Data extracts Block Start

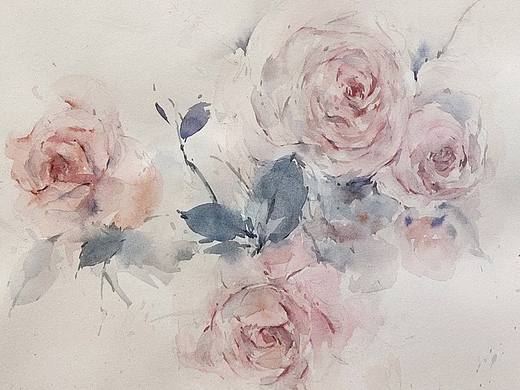 淡彩_花果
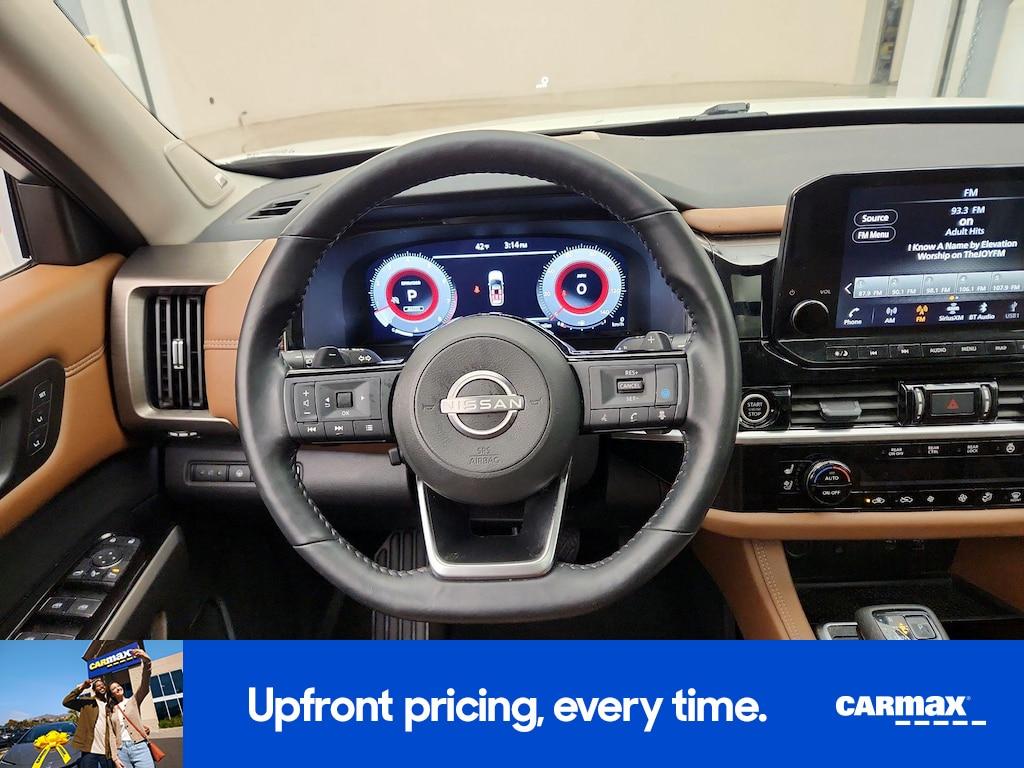 used 2024 Nissan Pathfinder car, priced at $41,998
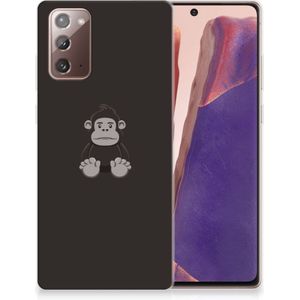 Samsung Note 20 Telefoonhoesje met Naam Gorilla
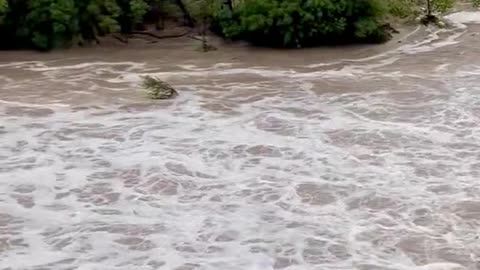 Guadalupe River in Kerrville, Texas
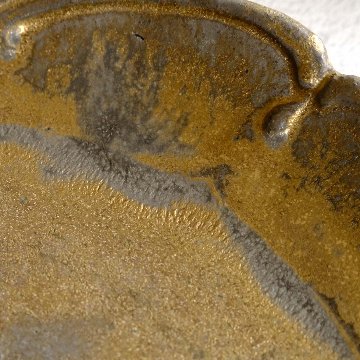 ロカイユ丸平皿の画像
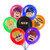 Robot Blocks Party Supplies Video Game Balloons Birthday Party Decorations Includes 7 Character Printed Ideal for Kids Party Favors 28PCS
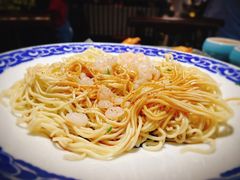 葱油三虾拌面-老头儿油爆虾·知味杭州(爱琴海购物中心)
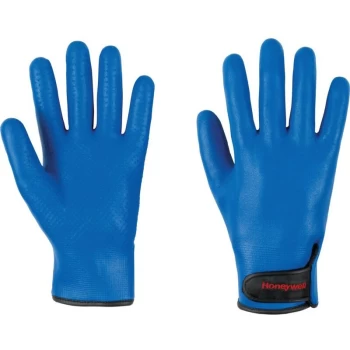 Image of Deep Blue Winter Gloves - Size 8 - Honeywell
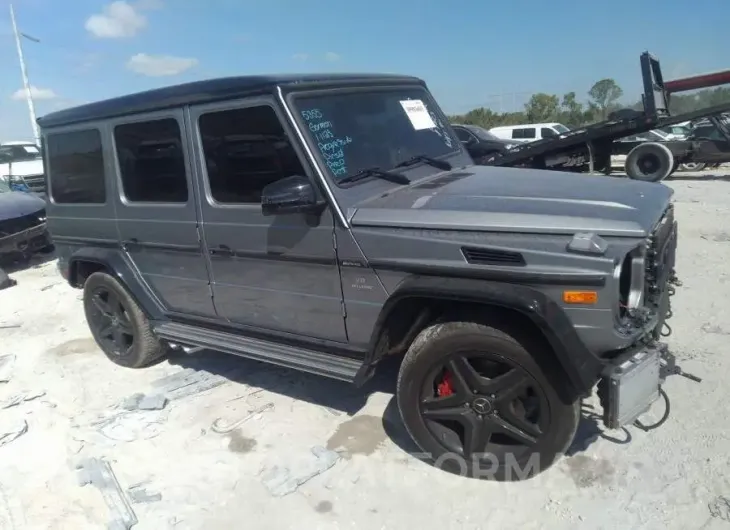 MERCEDES-BENZ G-CLASS 2018 vin WDCYC7DH7JX285219 from auto auction Iaai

Data extracts Block End

* [Problem to solve]:
Print, please, exactly the lines from the one holding "Samsung Note 20" through the final line of the data, both included, while leaving out each picture.

* [Result of the exercise]:
 Samsung Note 20 Telefoonhoesje met Naam Gorilla
 Guadalupe River in Kerrville, Texas
 ロカイユ丸平皿の画像
 Robot Blocks Party Supplies Video Game Balloons Birthday Party Decorations Includes 7 Character Printed Ideal for Kids Party Favors 28PCS
 葱油三虾拌面-老头儿油爆虾·知味杭州(爱琴海购物中心)
 Image of Deep Blue Winter Gloves - Size 8 - Honeywell
 MERCEDES-BENZ G-CLASS 2018 vin WDCYC7DH7JX285219 from auto auction Iaai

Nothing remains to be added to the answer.